Original Link: https://www.anandtech.com/show/9659/fable-legends-directx-12-benchmark-analysis
Fable Legends Early Preview: DirectX 12 Benchmark Analysis
by Ryan Smith, Ian Cutress & Daniel Williams on September 24, 2015 9:00 AM ESTUpdate 2016/03/07: Well so much for that. Fable Legends has been canceled. So it will ultimately be another game that gets to claim the right as the first Unreal Engine 4 based DX12 game.
DirectX 12 is now out in the wild as a part of Windows 10 and the updated driver model WDDM 2.0 that comes with it. Unlike DX11, there are no major gaming titles at launch - we are now waiting for games to take advantage of DX12 and what difference it will make for the game playing experience. One of the main focal points of DX12 is draw calls, leveraging multiple processor cores to dispatch GPU workloads, rather than the previous model of a single core doing most of the work. DX12 brings about a lot of changes with the goal of increasing performance, offering an even more immersive experience, but it does shift some of the support requirements to the engine developers such as SLI or Crossfire. We tackled two synthetic tests earlier this year, Star Swarm and 3DMark, but due to timing and other industry events, we are waiting for a better time to test the Ashes of the Singularity benchmark as the game nears completion. Until that point, a PR team got in contact with us regarding the upcoming Fable Legends title using the Unreal 4 engine, and an early access preview benchmark that came with it. Here are our results so far.
Fable Legends
Fable Legends is an Xbox One/Windows 10 exclusive free to play title built by Lionhead Studios in Unreal Engine 4. The game, styled as a ‘cooperative action RPG’, consists of asymmetrical multiplayer matches with attackers trying to raid a base and the defender playing more of a tower defense position.

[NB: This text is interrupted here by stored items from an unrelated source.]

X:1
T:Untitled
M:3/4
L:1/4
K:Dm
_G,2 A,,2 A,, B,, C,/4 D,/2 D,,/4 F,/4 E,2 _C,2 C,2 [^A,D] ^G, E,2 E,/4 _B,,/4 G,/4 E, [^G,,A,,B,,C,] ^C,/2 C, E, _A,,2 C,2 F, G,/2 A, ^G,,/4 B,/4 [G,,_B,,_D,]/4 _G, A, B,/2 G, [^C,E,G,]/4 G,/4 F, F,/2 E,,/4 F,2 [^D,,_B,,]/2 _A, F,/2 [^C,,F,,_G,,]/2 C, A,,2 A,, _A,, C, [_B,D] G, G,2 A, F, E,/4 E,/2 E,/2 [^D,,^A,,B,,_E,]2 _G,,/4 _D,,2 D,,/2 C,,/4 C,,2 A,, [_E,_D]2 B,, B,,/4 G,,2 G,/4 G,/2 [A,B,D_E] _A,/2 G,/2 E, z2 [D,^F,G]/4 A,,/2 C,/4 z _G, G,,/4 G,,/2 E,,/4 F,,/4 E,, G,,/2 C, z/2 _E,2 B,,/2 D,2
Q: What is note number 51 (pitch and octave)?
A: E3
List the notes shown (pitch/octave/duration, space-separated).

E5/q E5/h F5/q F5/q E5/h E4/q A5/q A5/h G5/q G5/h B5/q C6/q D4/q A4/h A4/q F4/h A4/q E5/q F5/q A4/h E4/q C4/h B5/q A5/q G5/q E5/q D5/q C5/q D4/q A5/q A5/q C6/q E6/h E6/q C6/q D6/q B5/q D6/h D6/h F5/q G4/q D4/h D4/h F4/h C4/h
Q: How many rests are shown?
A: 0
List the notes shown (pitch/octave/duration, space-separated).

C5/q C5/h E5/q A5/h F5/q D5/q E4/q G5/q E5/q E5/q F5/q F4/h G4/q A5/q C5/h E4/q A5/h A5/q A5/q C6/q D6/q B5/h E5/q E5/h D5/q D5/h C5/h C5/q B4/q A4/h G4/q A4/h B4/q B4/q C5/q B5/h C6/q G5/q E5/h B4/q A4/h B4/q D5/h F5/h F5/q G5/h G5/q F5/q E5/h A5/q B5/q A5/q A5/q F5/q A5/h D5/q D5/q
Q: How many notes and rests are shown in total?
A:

The benchmark provided is more of a graphics showpiece than a representation of the gameplay, in order to show off the capabilities of the engine and the DX12 implementation. Unfortunately we didn't get to see any gameplay in this benchmark as a result, which would seem to focus more on combat. This is the one of the first DirectX 12 benchmarks available - Ashes of the Singularity by Stardock was released just before IDF, but due to scheduling we have not had a chance to dig into that one yet. This will be our first look at a DirectX 12 game engine with a game attached as a result.
Official Trailer
This benchmark pans through several outdoor scenes in a fashion similar to the Unigene Valley benchmark, focusing more on landscapes, distance drawing and tessellation rather than an upfront first-person perspective. Graphical effects such as dynamic global illumination are computed on the fly, making subtle differences in the lighting and it shows the day/night cycle being accelerated, similar to the large Grand Theft Auto benchmark. The engine itself draws on DX12 explicit features such as ‘asynchronous compute, manual resource barrier tracking, and explicit memory management’ that either allow the application to better take advantage of available hardware or open up options that allow developers to better manage multi-threaded applications and GPU memory resources respectively. The updated engine has had several additions to implement these visual effects and has promised that use of DirectX 12 will help to improve both the experience and performance.
The Test
The software provided to us is a prerelease version of Fable Legends, with early drivers, so ultimately the performance at this point is most likely not representative of the game at launch and should improve before release. What we will see here is more of a broad picture painting how different GPUs will scale when DX12 features are thrown into the mix. In fact, AMD sent us a note that there is a new driver available specifically for this benchmark which should improve the scores on the Fury X, although it arrived too late for this pre-release look at Fable Legends (Ryan did the testing but is covering Samsung’s 950 Pro launch in Korea at this time). It can underscore just how early in the game and driver development cycle DirectX 12 is for all players. But as with most important titles, we expect drivers and software updates to continue to drive performance forward as developers and engineers come to understand how the new version of DirectX works.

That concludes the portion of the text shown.